Bij je terugkeer naar Schalke trof je daar Frank Neubarth aan en dat liep mis.

“Na het WK 2002 heb ik een zware fout gemaakt. Mijn knie was daar al geblokkeerd, ik voelde dat het niet goed kwam. Ik was al drie keer geopereerd. Bij de competitiestart riep Neubarth mij en zei: ‘Bravo voor je WK, ik wil jou als kapitein.’ Ik weigerde. Ik wou de aanvoerdersband niet meer. Ik heb Neubarth ook gezegd dat ik aan mijn allerlaatste seizoen bezig was en mij nergens nog iets van aan wou trekken. Ik kon begrijpen dat zulke uitspraken een jonge trainer afschrikten en dat hij niet op mij rekende. Na twee trainingen begaf mijn knie het: ik was twee en een halve maand out. In januari zei de trainer me dat ik niet meer in de ploeg stond, dat ik zelfs niet meer bij de 18 was. Hij wou dat ik vertrok. Ik reageerde hooghartig: ‘Ik heb Schalke opgebouwd nog voor jij er was, ik heb hier een geschiedenis, ik blijf, je zal mij elke dag zien .‘”

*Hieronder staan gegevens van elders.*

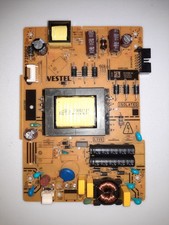 Carte alimentation TV High One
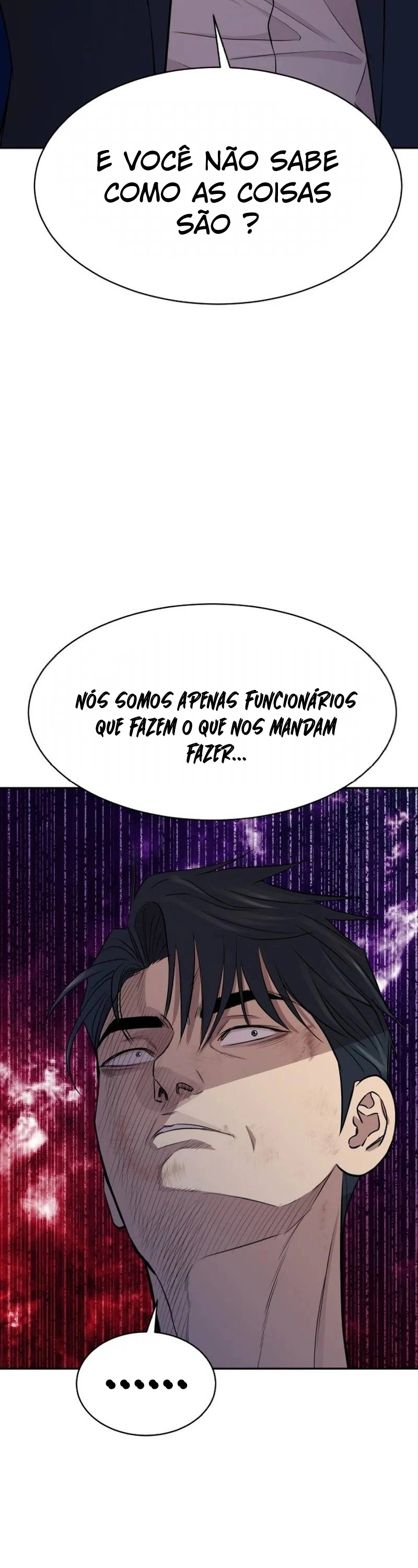 Página 126 - O Neto genial do rei dos agiotas Cap. 1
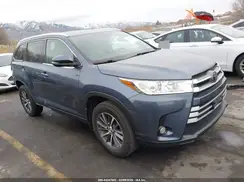 5TDJZRFH8JS816576 2018 TOYOTA HIGHLANDER
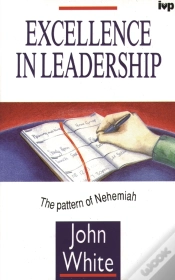 Capa do artigo Excellence In Leadership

En dan vervang jij Neubarth…

“In de geschiedenis van de Bundesliga ben ik de enige actieve speler die meteen trainer is geworden! Er bleven nog acht matchen te spelen, manager Rudi Assauer wou dat ik tot het einde van het volgende seizoen zou tekenen, maar ik zag dat niet zitten. Ik was die vliegtuigen en hotels beu, en mijn zoontje ging naar de basisschool. Als ze zeggen dat ik niet mocht verlengen als coach van Schalke, dan klopt dat niet. Het was mijn keuze van bij het begin.”

Weet je waarom Schalke je die functie heeft gegeven?

“Daar gaat een welbepaald feit achter schuil. Tijdens mijn vierde seizoen bij Schalke was Olaf Thon helemaal ‘op’. Hij was 33 en kon niet langer een hele match de pressing voeren. In het laatste halfuur zakte hij terug en dat deed ons punten verliezen. Ik vroeg aan Stevens om hem dichter bij mij te plaatsen zodat hij niet zo veel moest lopen. Hij vond dat niet kunnen. We kregen ruzie. Later, toen ik al bij Bordeaux speelde, geeft Schalke een ware demonstratie uit bij Dortmund: 0-4. ’s Anderendaags belt Assauer mij: ‘Je had gelijk, Thon heeft op de plaats gespeeld die jij voor hem in gedachten had en hij was de ster van het veld .‘ Dat ligt aan de basis van mijn aanstelling als coach van Schalke drie jaar later.”

Was je tevreden met je prestatie als trainer van Schalke?

“Hoewel ik een getraumatiseerde ploeg overnam, begonnen we met een zeven op negen. Maar dan volgde een tegenvaller. Ik had nog slechts één verdedigende middenvelder, Sven Kmetsch. Ik noemde hem ‘Prothese’! Zijn knie was naar de vaantjes, hij speelde enkel nog op mentale kracht. De dokter zei me dat hij kon blijven spelen, maar wel met enkele inspuitingen. Ik had Kmetsch kunnen zeggen: ‘Komaan, twee of drie spuitjes en het zal wel gaan .‘ Maar ik heb aan zijn toekomst gedacht. Dus heb ik besloten om hem te sparen en met een middenveld bestaande uit drie nummers 10 te spelen. Dat kon alleen maar slecht aflopen. We haalden nog één punt uit vier matchen, Kmetsch keerde terug voor de laatste wedstrijd tegen Bayern en we wonnen. Ik heb daar misschien een fout gemaakt, maar ik heb er geen spijt van.”